Exercise brief -
Give back exactly the lines from the one that holds "マツエク・マツパ EyelashSalon chel所属・新越谷駅徒歩1分❇️" through the final line of the data; omit the pictures and add nothing.
### Dataset extract
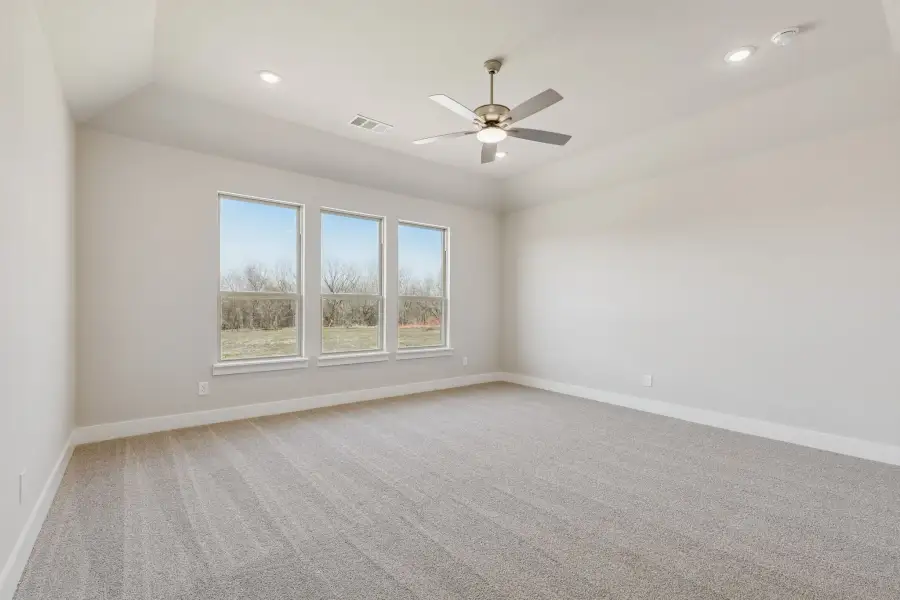 Representative unfurnished interior of a home built from the Halsted by Centre Living Homes in Ellis Ranch Estates, Waxahachie (Image 32).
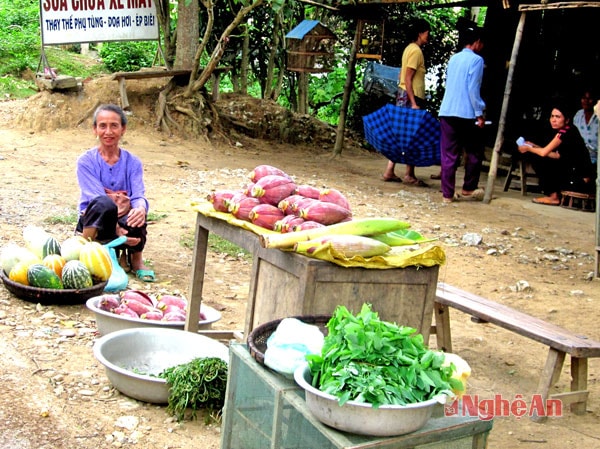 Cụ Xinh bán rau rừng.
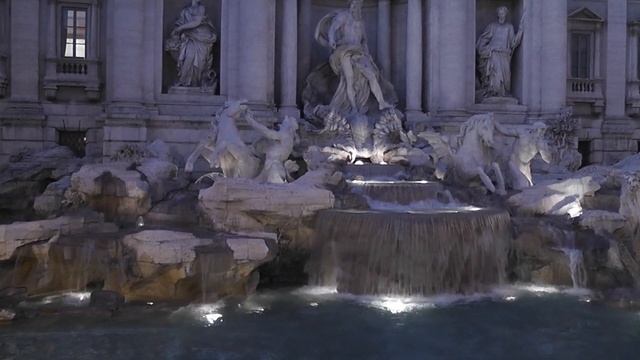 ?ФОНТАН ТРЕВИ - САМЫЙ БОЛЬШОЙ ФОНТАН РИМА В ИТАЛИИ. смотреть онлайн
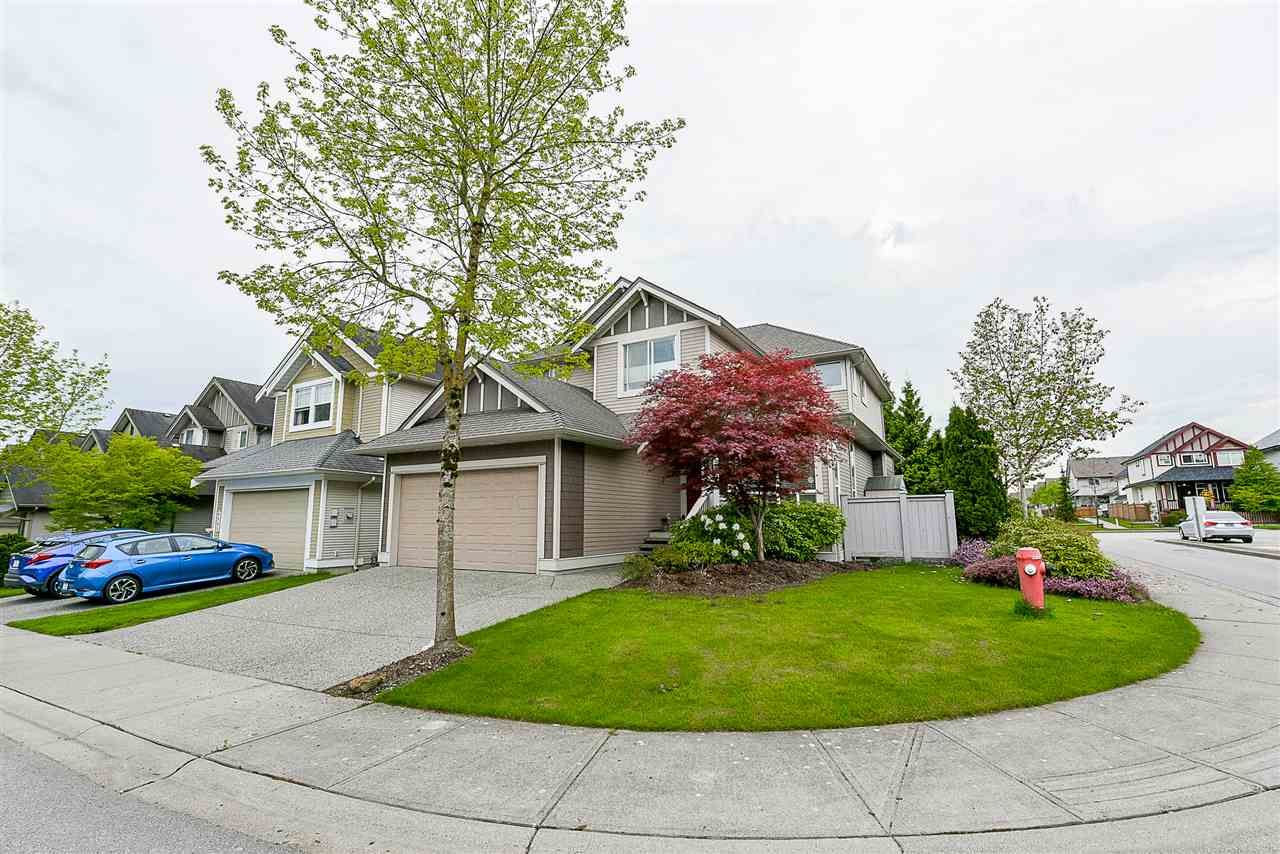Main Photo: 6991 196A Street in Langley: Willoughby Heights House for sale : MLS®# R2162729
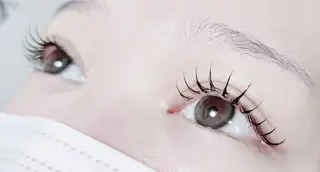 マツエク・マツパ EyelashSalon chel所属・新越谷駅徒歩1分❇️ Salon chelのマツエク・マツパデザイン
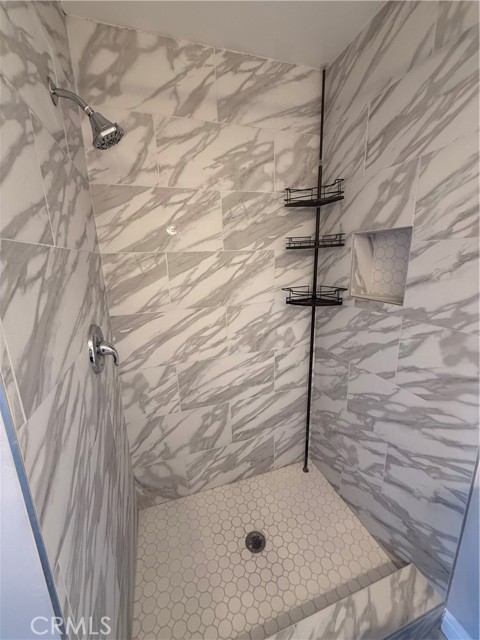 Detail Gallery Image 11 of 14 For 3829 Don Tomaso Dr #4,  Los Angeles,  CA 90008 - 2 Beds | 2 Baths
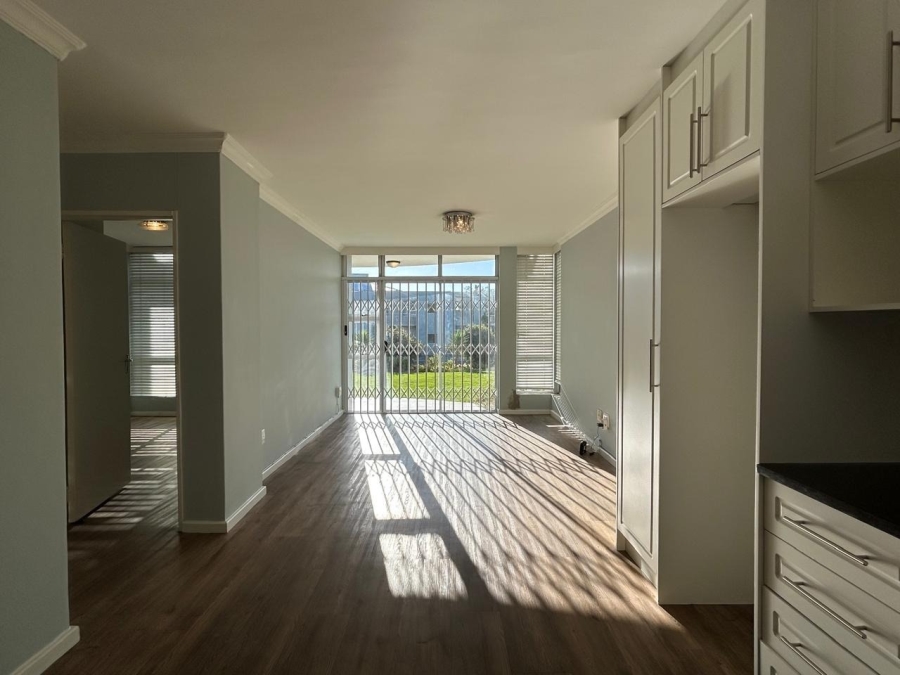 To Let 2 Bedroom Property for Rent in Royal Ascot Western Cape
######
Output of the task -
 マツエク・マツパ EyelashSalon chel所属・新越谷駅徒歩1分❇️ Salon chelのマツエク・マツパデザイン
 Detail Gallery Image 11 of 14 For 3829 Don Tomaso Dr #4,  Los Angeles,  CA 90008 - 2 Beds | 2 Baths
 To Let 2 Bedroom Property for Rent in Royal Ascot Western Cape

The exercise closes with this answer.